Tu cosa bevi di solito?
Da buon veneto bevo vino e da buon amante della cultura giapponese sake. Da qualche anno mi sono molto appassionato alle birre. Nessun superalcolico: solo sake, vino e birra. E la mattina tè verde.
É un periodo parecchio favorevole per il mondo dei bar e dei barman a Milano. Qual è il tuo punto di vista? Li frequenti? Ti piacciono?
Molto, credo siano emersi grandi protagonisti e avranno di fronte un futuro roseo. L’esperienza, oltre al prodotto, naturalmente è sempre più importante per le persone. E a Milano abbiamo dei veri talenti. Spero possano scoprire le opportunità che il sake può dare loro per essere ancora più apprezzati dalla clientela preparata ed esigente della nostra città.
Quali sono i locali di Milano che frequenti?
Tutti i giapponesi, quelli veri, da Yuzu a Finger’s Garden, da Wicky’s a Sumire, Osaka e molti altri… Amo Spazio, di Niko Romito, pulito e piacevole. Il mio “rifugio” è il Vinodromo, un piccolo wine bar in zona Bocconi, caldo e accogliente con cui organizziamo tanti eventi. Per gli appuntamenti importanti vado da Trussardi alla Scala dal bravissimo Luca Cinacchi.

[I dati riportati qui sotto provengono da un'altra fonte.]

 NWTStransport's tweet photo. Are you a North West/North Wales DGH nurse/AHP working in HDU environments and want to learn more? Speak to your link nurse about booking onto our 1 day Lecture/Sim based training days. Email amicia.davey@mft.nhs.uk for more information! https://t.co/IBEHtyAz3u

E quelli in cui vai a bere sake?
La Saketeca di viale Piave, dove la bravissima Mika sa sempre consigliare. Il Vinodromo di via Salasco che unisce la cultura del vino a quella del sake. E presto da SAKAGURA, che aprirà a breve i battenti con una grande selezione di sake. Poi bevo sake a cena nei giapponesi migliori.

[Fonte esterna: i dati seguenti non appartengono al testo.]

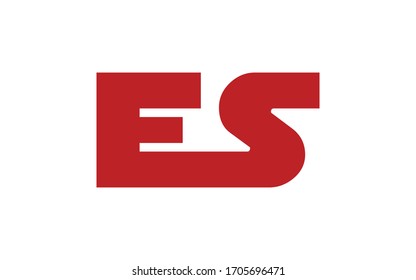 ES or SE and E or S Uppercase Letter Initial Logo Design, Vector Template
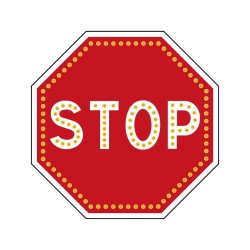 Panneau stop AB4 de signalisation lumineux renforcé par LEDS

Cosa ti piace fare in città quando non lavori?
Organizzare eventi sul sake. Viaggiare. Andare in bicicletta. Spesso assieme, almeno gli ultimi due solamente…

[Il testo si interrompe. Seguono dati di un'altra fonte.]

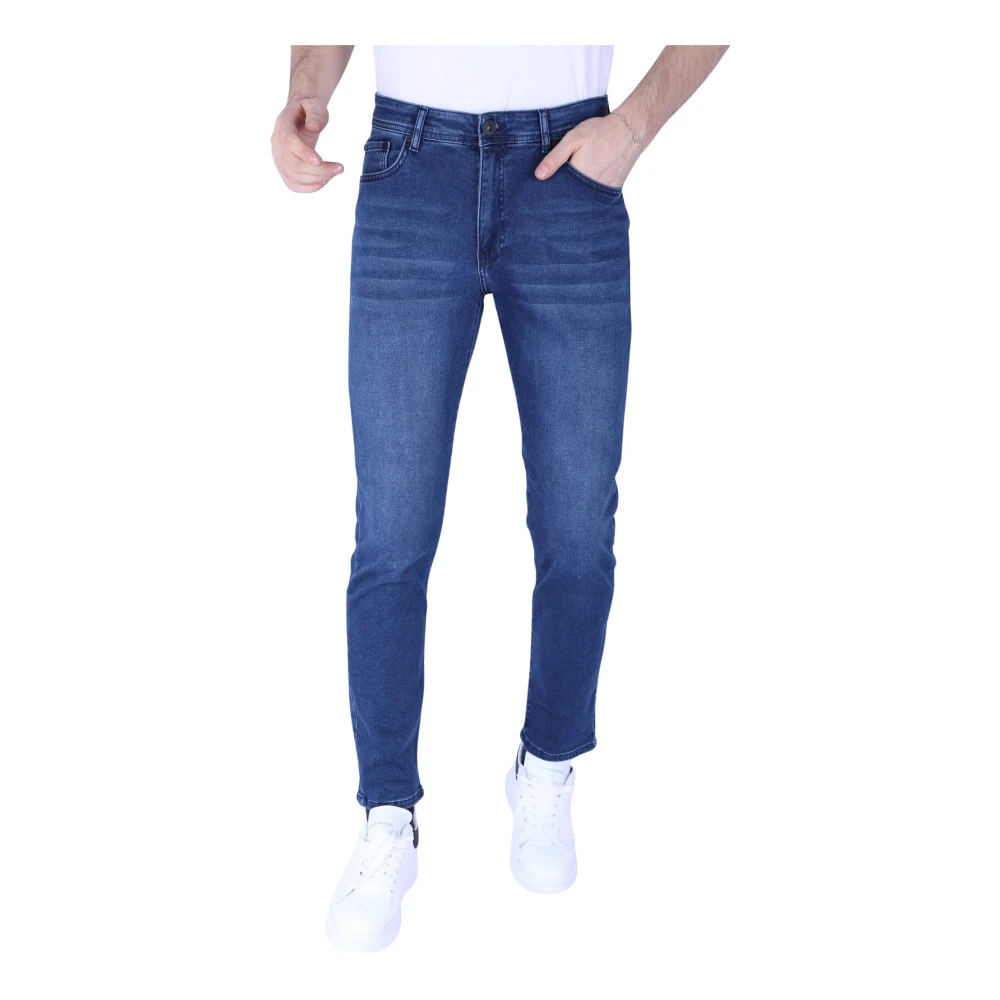 True Rise Snygga Regular Fit Super Stretch Jeans För Män - Dp52 Blue, Herr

Ci consigli una città per organizzare un viaggio dedicato al bere? Perché?
Tokyo. Sake a parte la qualità della vita a Tokyo è altissima. Si trovano i grandi vini internazionali, i migliori sake e whisky giapponesi, una cultura di bartending ai livelli massimi. Più vicino a noi, a due passi da Milano, imperdibile la Franciacorta, con una bella allure internazionale.
Cosa significa per te bere responsabilmente?
Ho sempre apprezzato molto il libro di Mauro Corona “Guida poco che devi bere!”. Credo che il messaggio “Non bere in sé e per sé” funzioni poco, specialmente con i più giovani, e quindi sia addirittura pericoloso, porti alla dissimulazione e a comportamenti a rischio. Bere responsabilmente vuol dire certamente, come prima cosa, non esagerare, ma anche essere consapevoli dei pericoli in cui si può incorrere quando si è bevuto ed essere smart, mettersi al riparo dai rischi. Dovremmo introdurre in Italia la cultura inglese del “designated driver” (amico a turno che non breve e guida) e comunque saperci godere la vita e il bere, senza correre rischi stupidi e inutili.
E, qualora avessi esagerato, qual è il tuo rimedio?
Dormire. Bere tanta acqua. E provare a bere il sake, che al mattino dopo lascia molto meno hangover… giuro! I giapponesi, popolo stacanovista, infatti la sera bevono sake come alpini e al mattino freschi in ufficio.